* [Exercise description] Return the lines beginning at the one that contains "TREASURED MEMORIES: Shelley" and running to the end of the records, exactly and with nothing else. Omit pictures.

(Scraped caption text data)
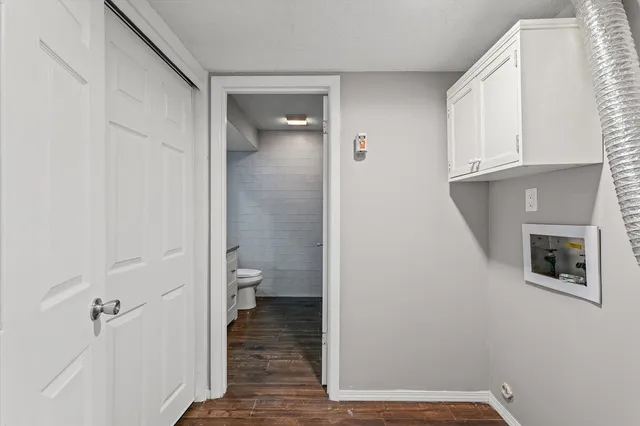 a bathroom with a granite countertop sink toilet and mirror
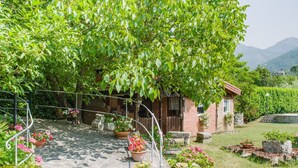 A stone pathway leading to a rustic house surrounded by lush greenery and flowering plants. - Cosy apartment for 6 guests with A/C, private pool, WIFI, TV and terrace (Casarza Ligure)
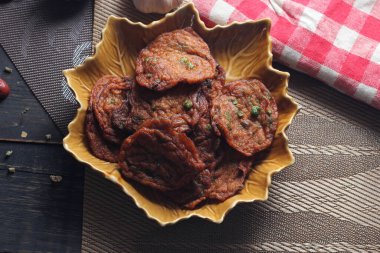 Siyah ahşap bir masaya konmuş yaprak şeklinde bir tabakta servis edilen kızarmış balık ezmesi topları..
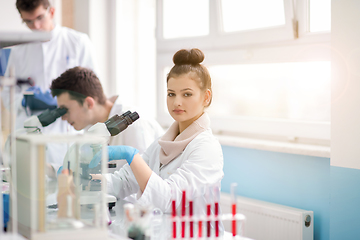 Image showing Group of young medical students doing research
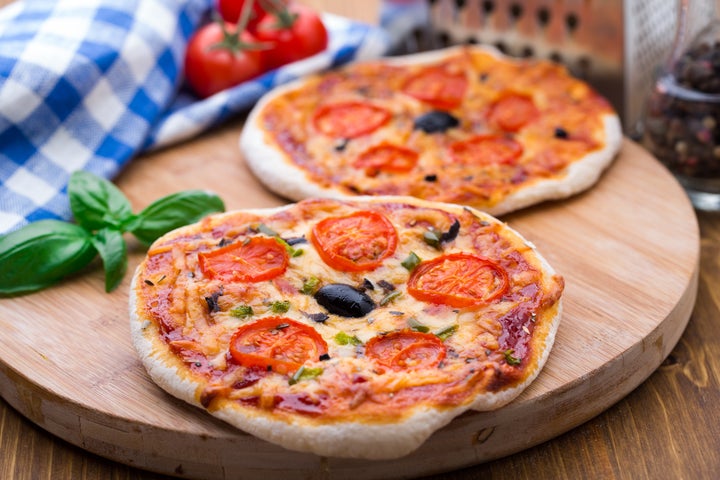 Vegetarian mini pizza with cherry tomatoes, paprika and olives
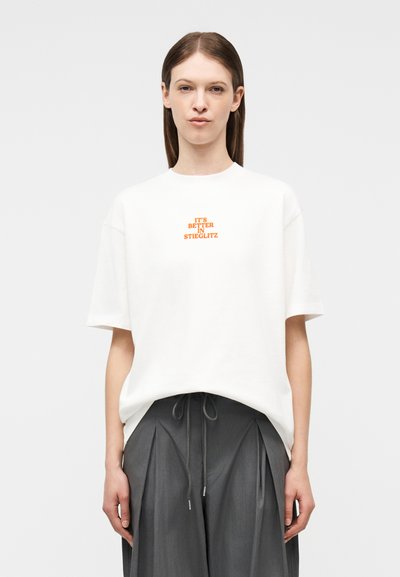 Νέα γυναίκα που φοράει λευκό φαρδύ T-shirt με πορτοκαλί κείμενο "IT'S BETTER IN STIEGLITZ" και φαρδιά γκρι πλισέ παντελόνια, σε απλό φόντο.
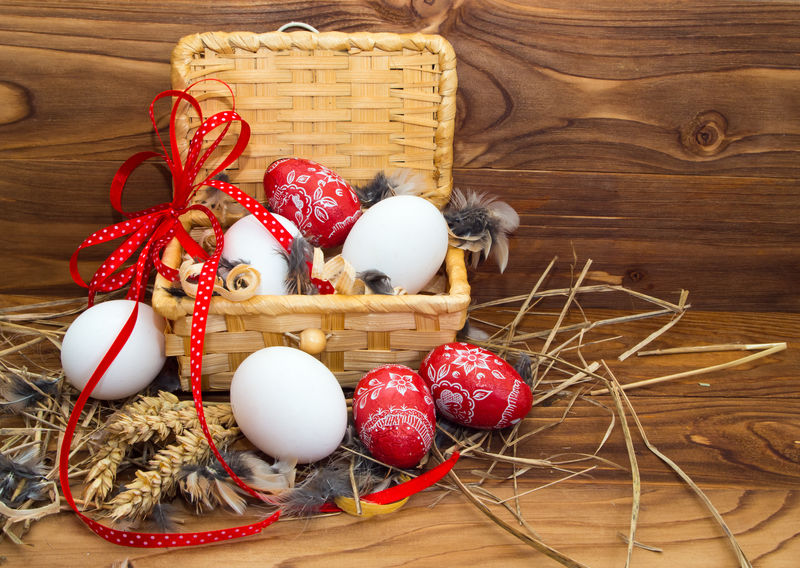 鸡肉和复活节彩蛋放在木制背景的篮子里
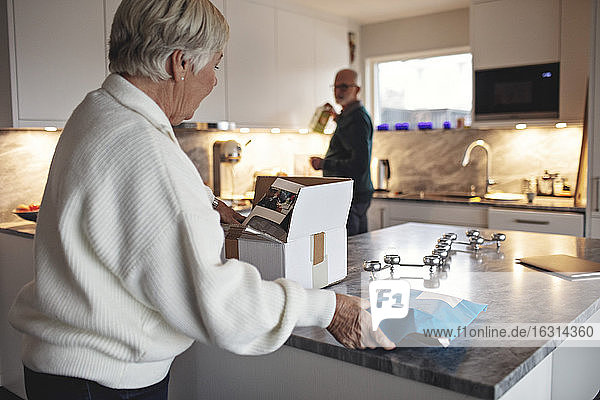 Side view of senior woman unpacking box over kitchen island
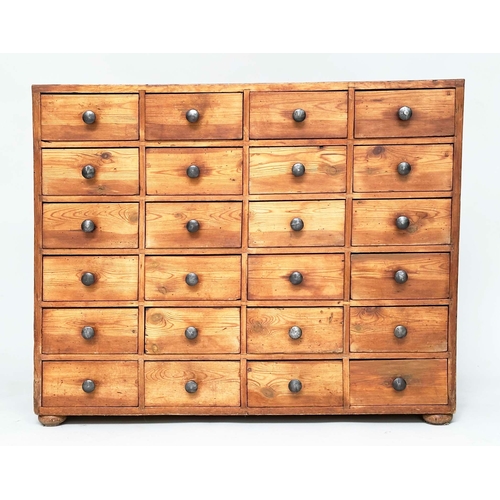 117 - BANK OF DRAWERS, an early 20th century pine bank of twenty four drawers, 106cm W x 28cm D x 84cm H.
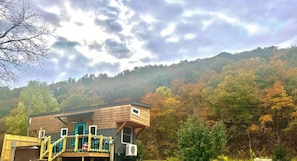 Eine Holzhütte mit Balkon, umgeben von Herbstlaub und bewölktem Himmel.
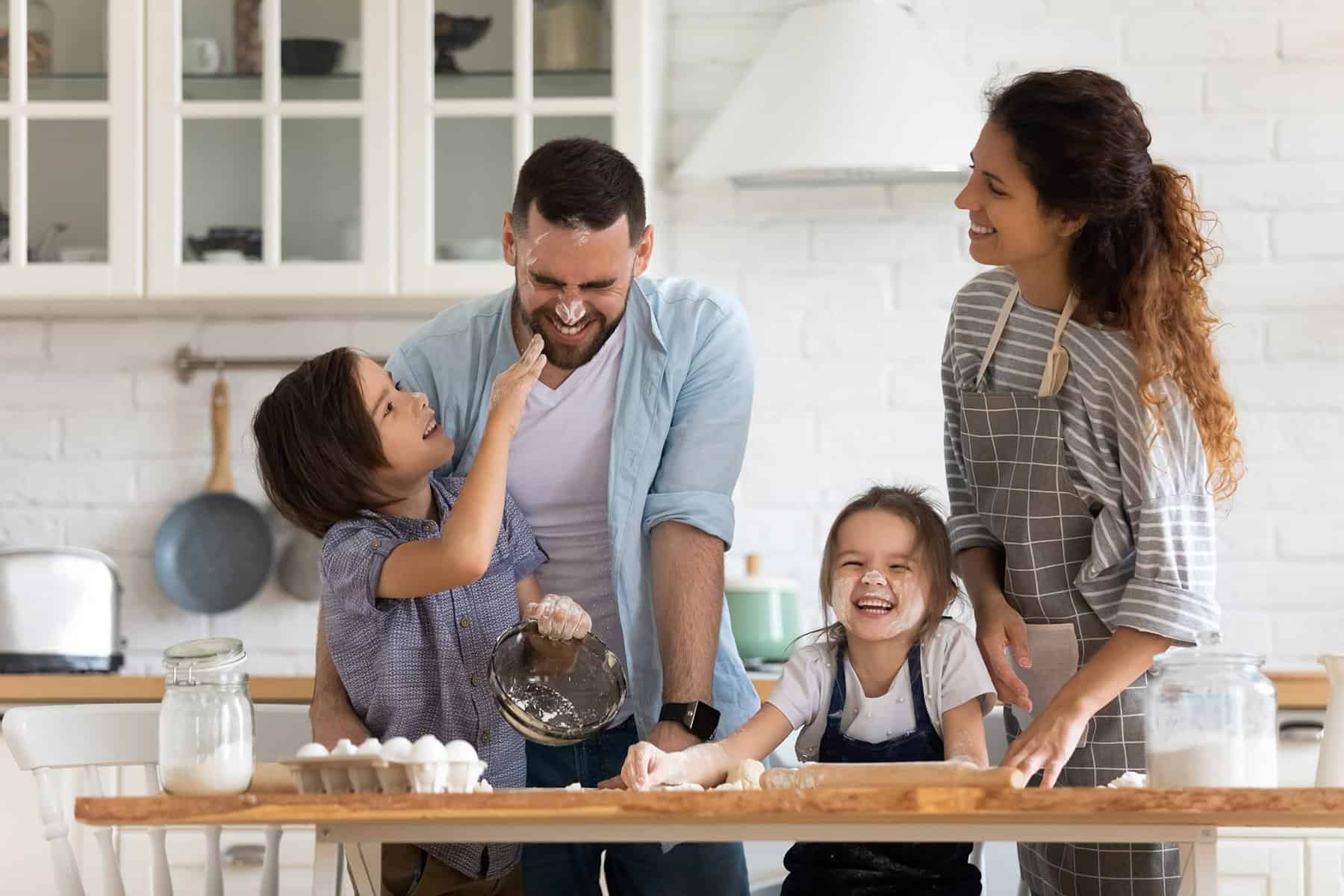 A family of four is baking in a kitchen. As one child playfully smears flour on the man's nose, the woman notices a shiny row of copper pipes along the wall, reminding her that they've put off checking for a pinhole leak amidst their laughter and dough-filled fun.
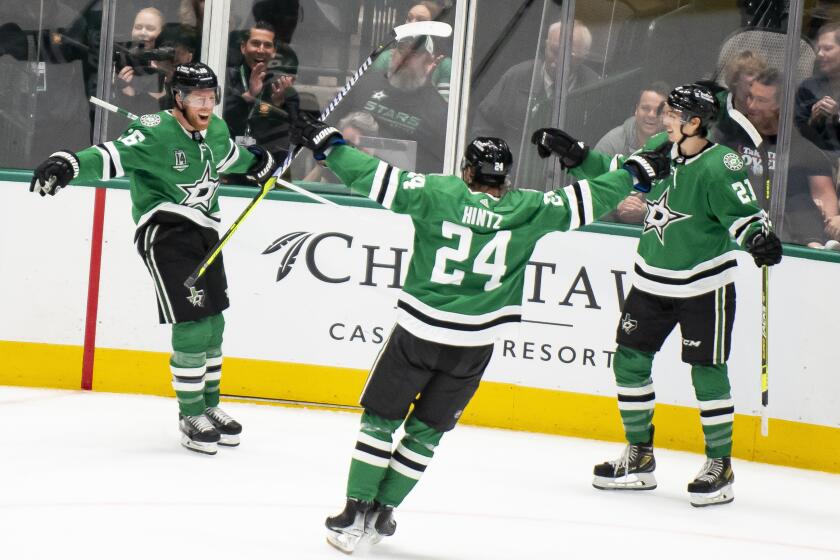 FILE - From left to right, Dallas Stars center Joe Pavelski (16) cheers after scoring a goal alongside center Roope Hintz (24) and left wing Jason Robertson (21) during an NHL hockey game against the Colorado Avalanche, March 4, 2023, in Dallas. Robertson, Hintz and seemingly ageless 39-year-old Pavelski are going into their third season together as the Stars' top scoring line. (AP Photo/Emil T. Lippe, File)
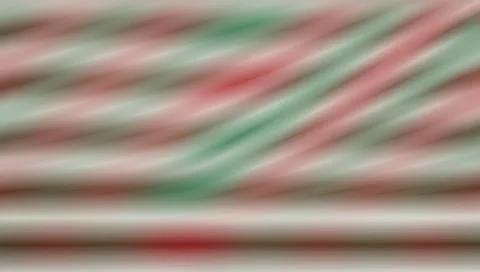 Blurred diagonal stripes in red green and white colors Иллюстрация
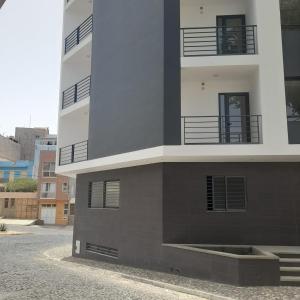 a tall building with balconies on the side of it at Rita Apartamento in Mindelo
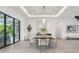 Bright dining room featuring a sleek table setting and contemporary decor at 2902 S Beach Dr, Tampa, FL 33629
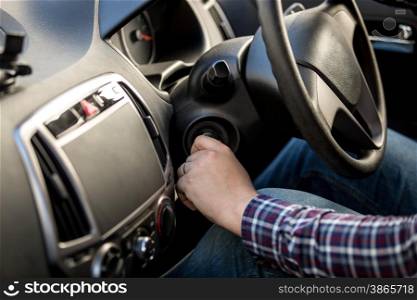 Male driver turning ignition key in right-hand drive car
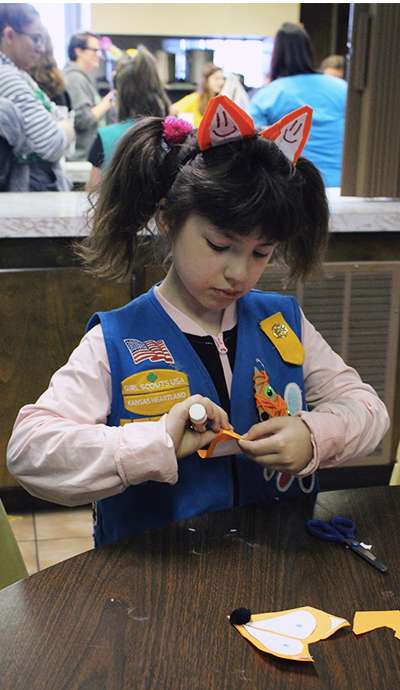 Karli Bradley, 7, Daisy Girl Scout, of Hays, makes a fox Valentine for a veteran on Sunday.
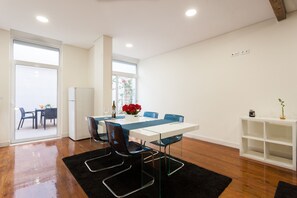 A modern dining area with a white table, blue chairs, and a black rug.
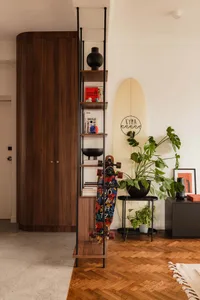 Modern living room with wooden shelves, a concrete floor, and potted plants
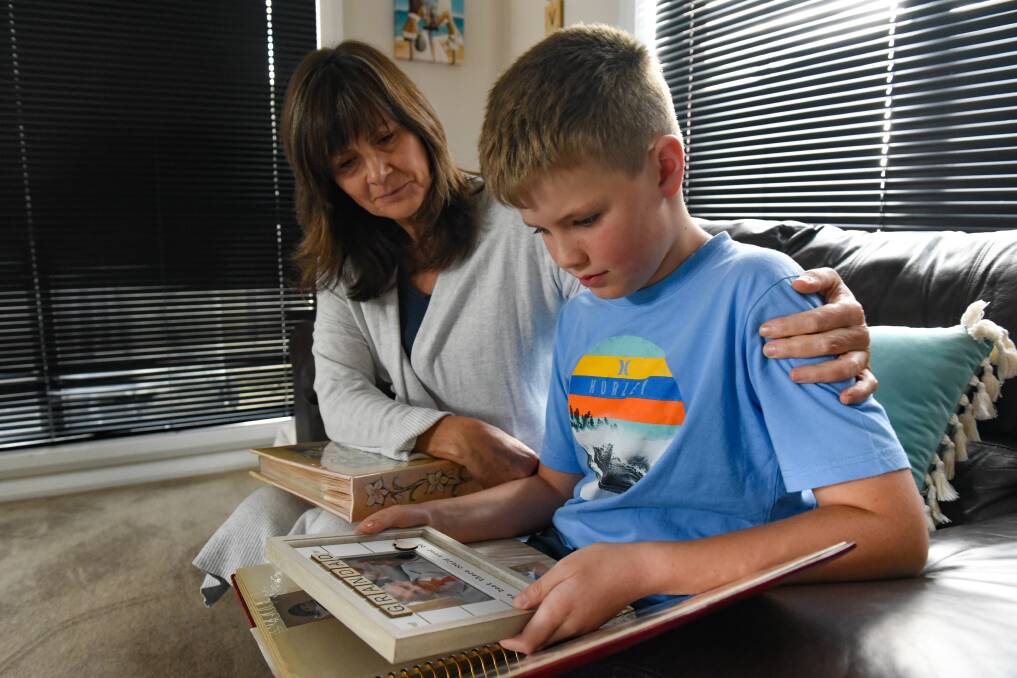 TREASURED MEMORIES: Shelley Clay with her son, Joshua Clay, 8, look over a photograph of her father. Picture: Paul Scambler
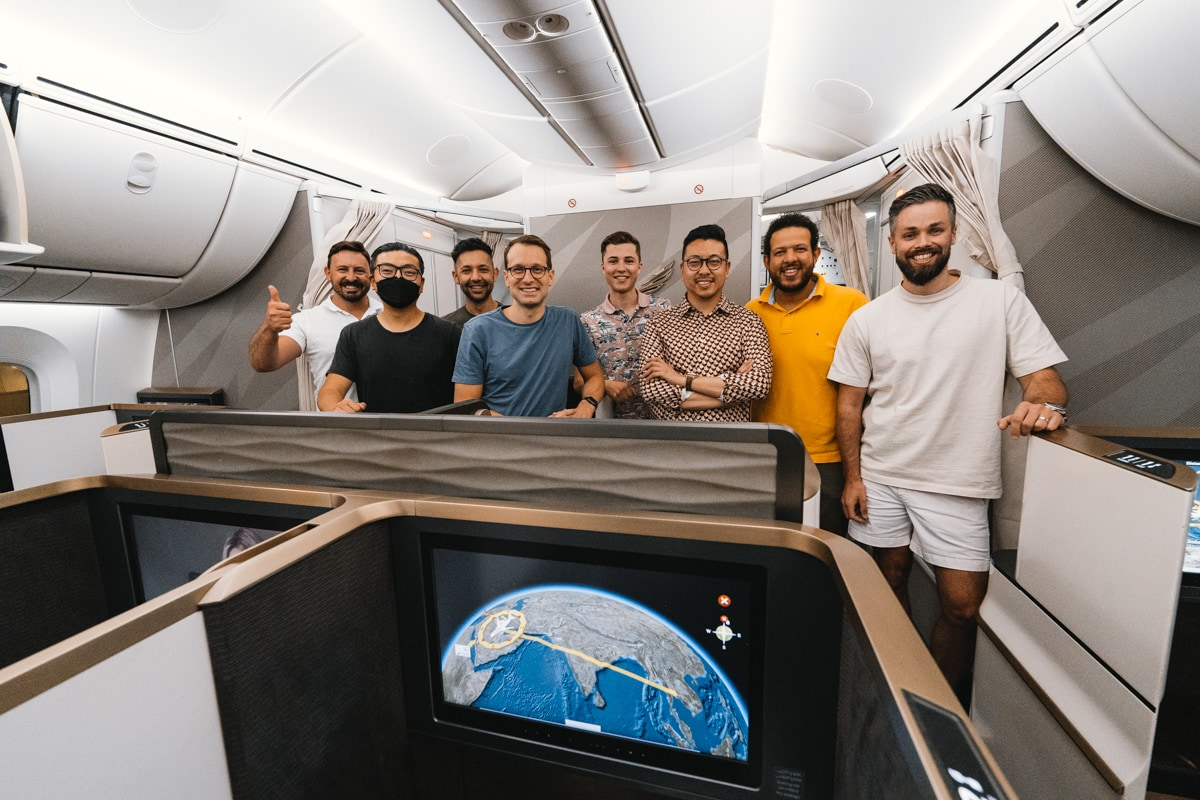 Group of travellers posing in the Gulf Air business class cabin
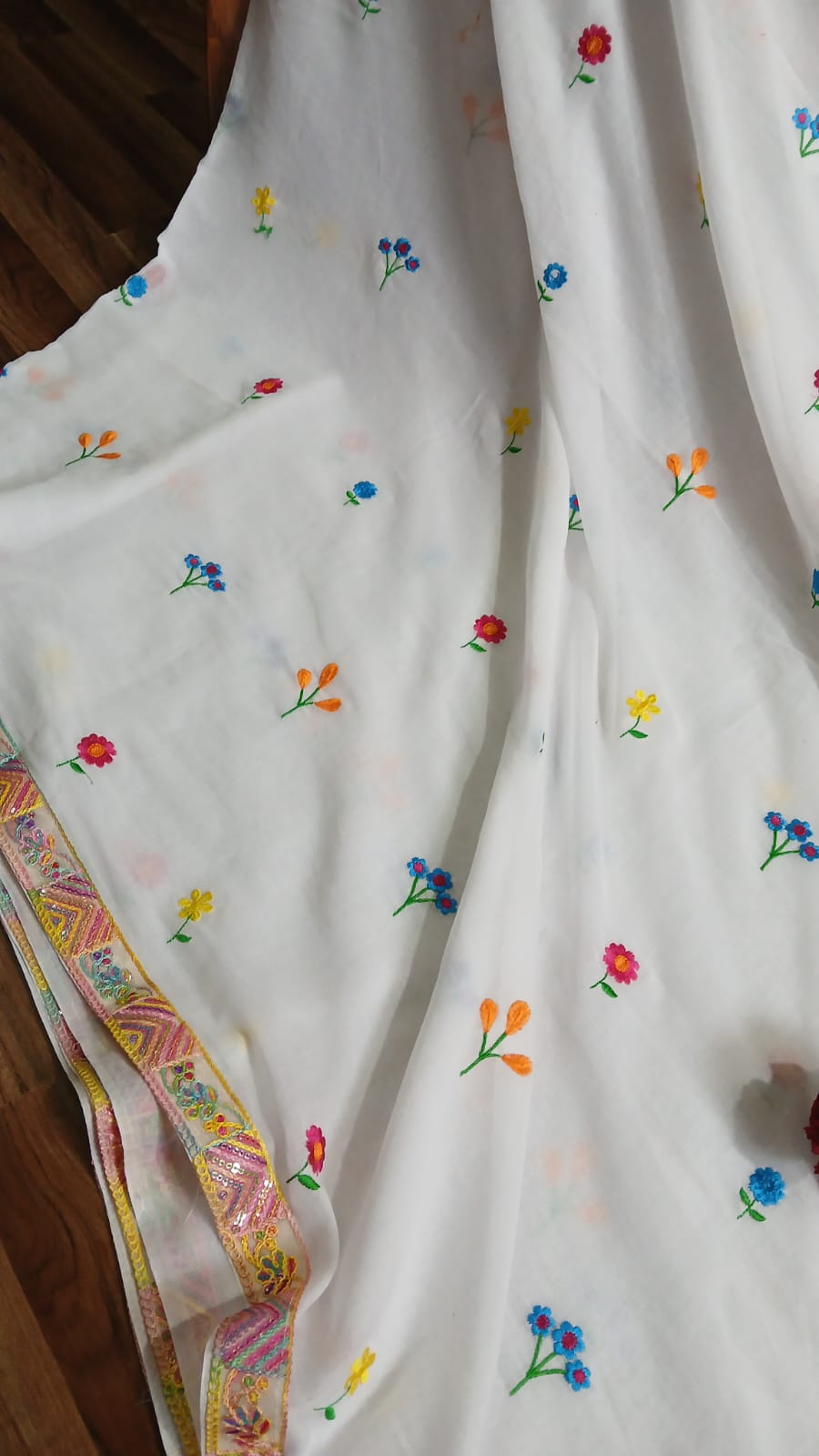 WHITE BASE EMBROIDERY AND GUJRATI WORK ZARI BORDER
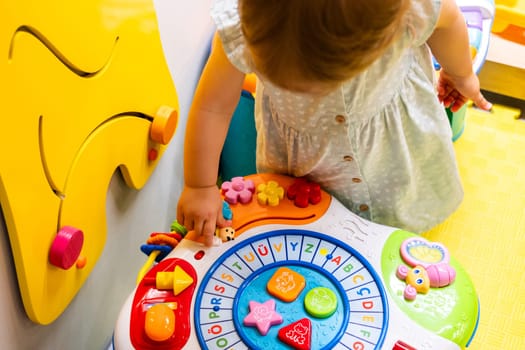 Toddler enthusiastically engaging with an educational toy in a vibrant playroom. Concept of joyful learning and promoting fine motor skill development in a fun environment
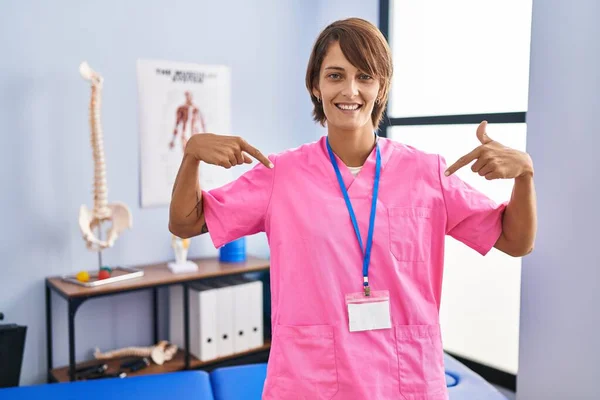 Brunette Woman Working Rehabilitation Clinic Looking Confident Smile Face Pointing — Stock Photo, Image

* [Answer for this exercise]
 TREASURED MEMORIES: Shelley Clay with her son, Joshua Clay, 8, look over a photograph of her father. Picture: Paul Scambler
 Group of travellers posing in the Gulf Air business class cabin
 WHITE BASE EMBROIDERY AND GUJRATI WORK ZARI BORDER
 Toddler enthusiastically engaging with an educational toy in a vibrant playroom. Concept of joyful learning and promoting fine motor skill development in a fun environment
 Brunette Woman Working Rehabilitation Clinic Looking Confident Smile Face Pointing — Stock Photo, Image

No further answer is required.